In this week, we focused on the aesthetic of the game and punched through a list of miscellaneous tasks that needed to be completed.

As part of the feedback we received. People like to plan 2 moves ahead. We’ve changed the seeds that are displayed on the launchers so that the game shows the next two colors instead of one, to provide more information. Along with this, we’ve iterated the style of the launcher which animates the first part to bounce the seed in to the grid, and then catches the next one. This will be iterated further in the coming days so that it feels nicer and more fluid.




We’ve added 3 power ups…

The Bomb:




The Switch:




The Color Bomb:




On difficult levels, these tools will be used to complete the level. This is where level designing will be very important to find the right balance between difficulty and skill and which encourages the use of these items that will be in-app purchases and rewards. We want the player to feel happy and clever for using them, as they foresee the sequence of events that will happen, to enable them to swipe that very last shape they need to complete the level.

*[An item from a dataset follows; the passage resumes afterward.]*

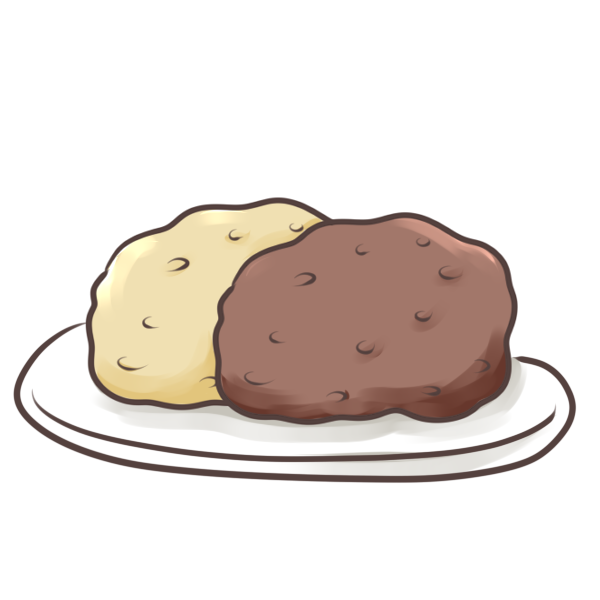 おはぎのイラスト かわいいフリー素材が無料のイラストレイン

More work is needed on the flowers that represent the individual power-ups. More clarity on which power up is which, the on/off states and an animation of it, as one is used.


This is an example of the different moods we’re trying to create for the different chapters of the game. We now have the ability to choose 3 layers for each level. A background that will splash the colour pallet of the level, a mid-ground for the arrangement of stars & weather effects and a foreground where it shows flowers and rocks. We can set a combination of these to create a larger amount of content and will tie in with the narrative and Ruya’s journey.

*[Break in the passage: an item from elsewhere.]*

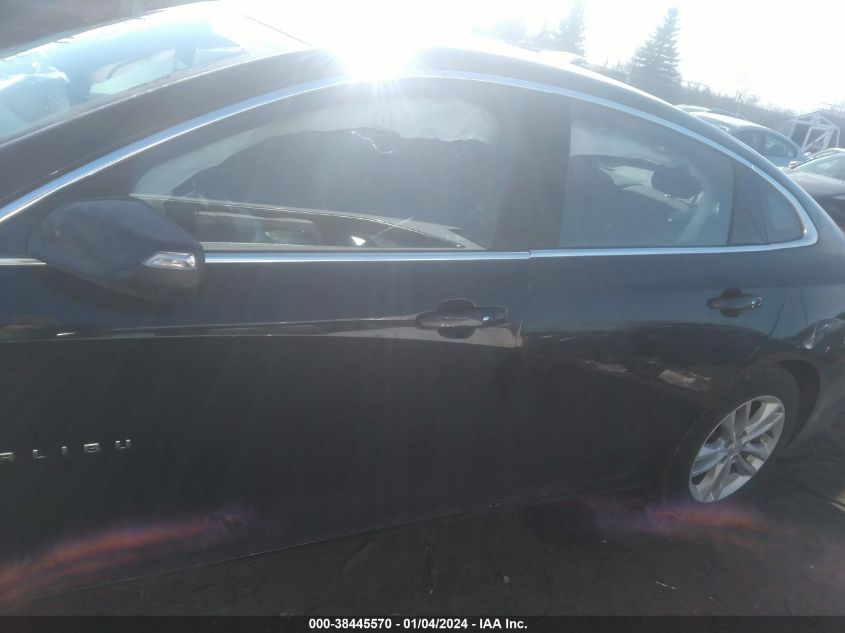 2017 CHEVROLET MALIBU LT - 1G1ZE5ST5HF171390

Taking into account the direction of the game design that has been made in the last couple of weeks, we realised that the up-tempo, bouncy themes already written for the game weren’t really fitting the new mood. The new Ruya wants to communicate a sense of peace to the player, the gameplay has a more relaxing pace as we got rid of any time restrictions. This needed to be reflected by the background music which has been stripped down to fewer layers and dropped in bpm, from the bouncy 120, down to a more chill out 90.

Long sustained chords replaced the short staccatos of the original theme but still keeping the same catchy melody that received good feedback from our testers.

We’re also experimenting with matching some ambience sound to the music to enhance immersion. Sounds like rain, fire, wind, crickets and waves are commonly known for their calming effects on the listener. So after gathering some recordings of these elements, we played them during gameplay together with the music, and we’re now looking to implement matching visuals.



End of Week Six

During this week we had the pleasure of speaking to Ian Turnball from Square Enix. It was interesting listening about his career in the games industry and afterwards he played Ruya which he enjoyed and said that it was very well scoped.  He gave some excellent constructive feedback.

At first he didn’t understand what to do. He didn’t understand the two parts to the game, the first part on how the player taps the coloured seeds to place them and the second part in trying to swipe them. When we come to create the tutorial we are going to split these two parts up. So on level one they will learn how to swipe, then on another level they will learn how to tap and place the seeds.

Once he understood how to play, he wanted to jump to some more challenging levels so that he could understand how the game will progress. A large amount of testing in level design will need to be made to find the perfect balance in difficulty for new players, but still challenging enough as the player’s skill increases so that they stay in the gameflow.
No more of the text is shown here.